**The problem:** Take the line containing "Holiday Carousel LED" through the last line of the data and retype those lines exactly. Pictures do not belong in the copy.

Captioned web image data
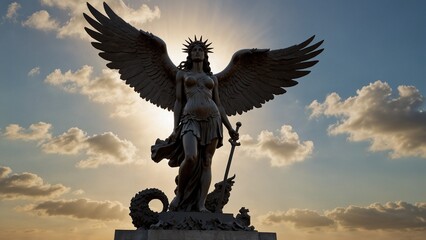 Fototapeta premium Sculpt Nike, the goddess of victory, holding wings of triumph, standing on the high ground of a battlefield victory, set against dawn and banners of glory, symbolizing the power of victory and honor.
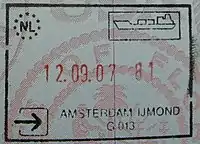 Entry stamp for ferry travel, issued at the port of Amsterdam IJmond in Netherlands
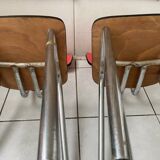 Pair of raspberry formica chairs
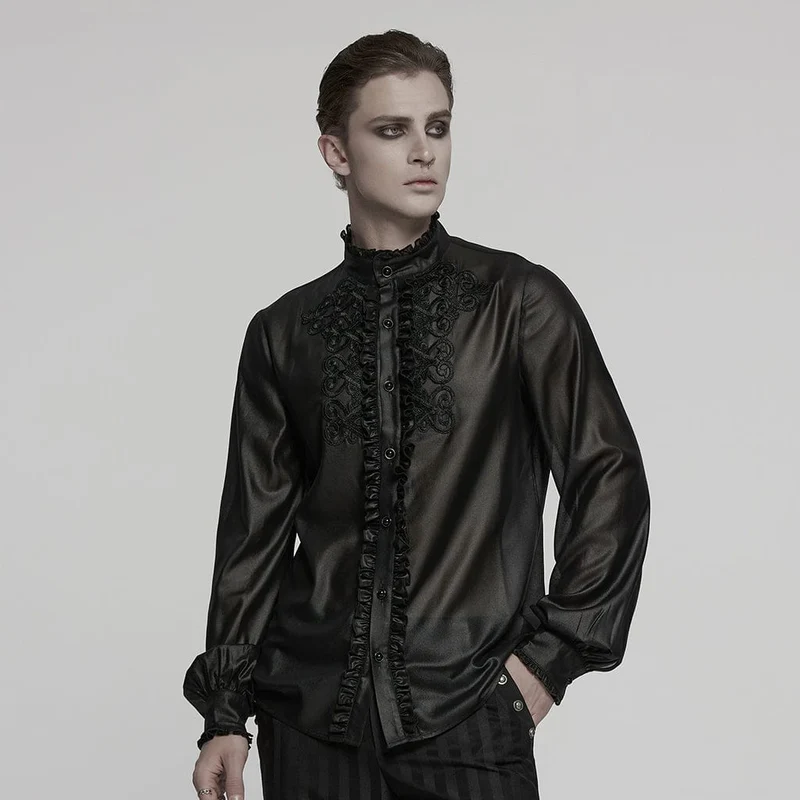 Herren Gothic Rüschen Stehkragen Besticktes Transparentes Hemd Schwarz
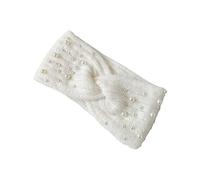 Hemobllo Bandeau Tricoté Croisé Avec Perles Pour Femmes Serre-tête Chaud Et Extensible Bandeau De Cheveux Tressé Hiver Confortable Et Élégant Accessoire Mode Automne-hiver Blanc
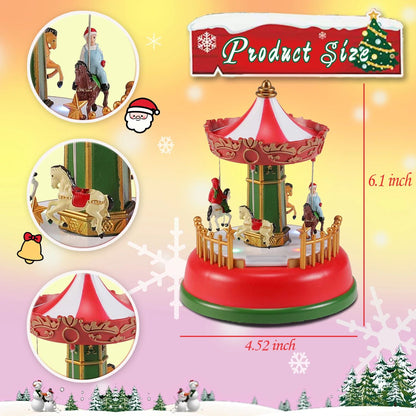 Holiday Carousel LED Music Box  LightUp Christmas Village Tabletop Decoration 1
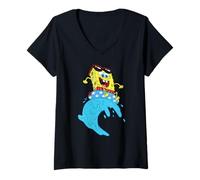 Mujer Spongebob Squarepants Rides Wave On USA Stars Inner Tube Camiseta Cuello V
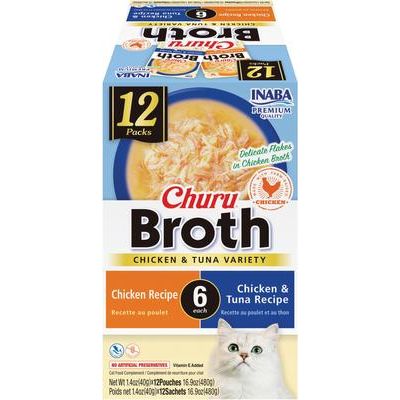 Premio para lamer para gatos Churu Broth, variedad de pollo y atún, bolsa de 1.4 oz, 12 unidades
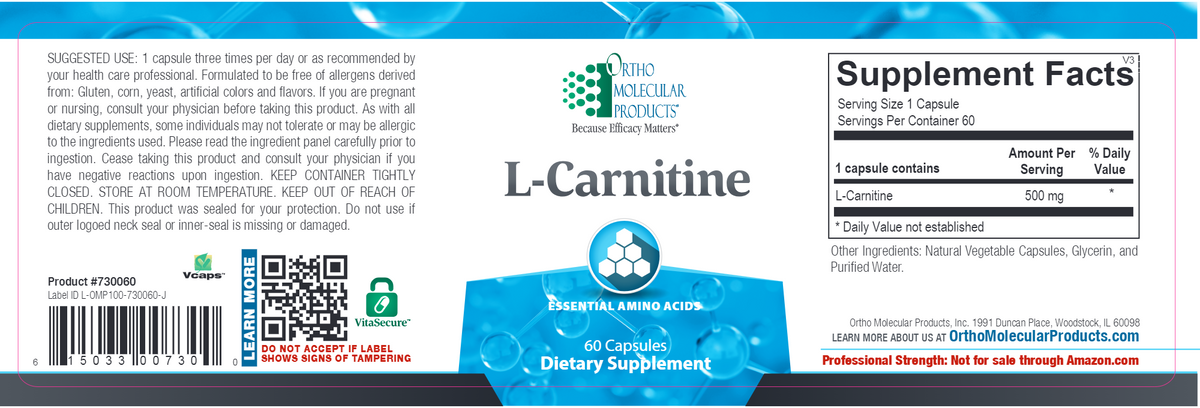 L Carnitine 60 capsules (Previously carried L Carnitine by Pure)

**Exercise output:**
 Holiday Carousel LED Music Box  LightUp Christmas Village Tabletop Decoration 1
 Mujer Spongebob Squarepants Rides Wave On USA Stars Inner Tube Camiseta Cuello V
 Premio para lamer para gatos Churu Broth, variedad de pollo y atún, bolsa de 1.4 oz, 12 unidades
 L Carnitine 60 capsules (Previously carried L Carnitine by Pure)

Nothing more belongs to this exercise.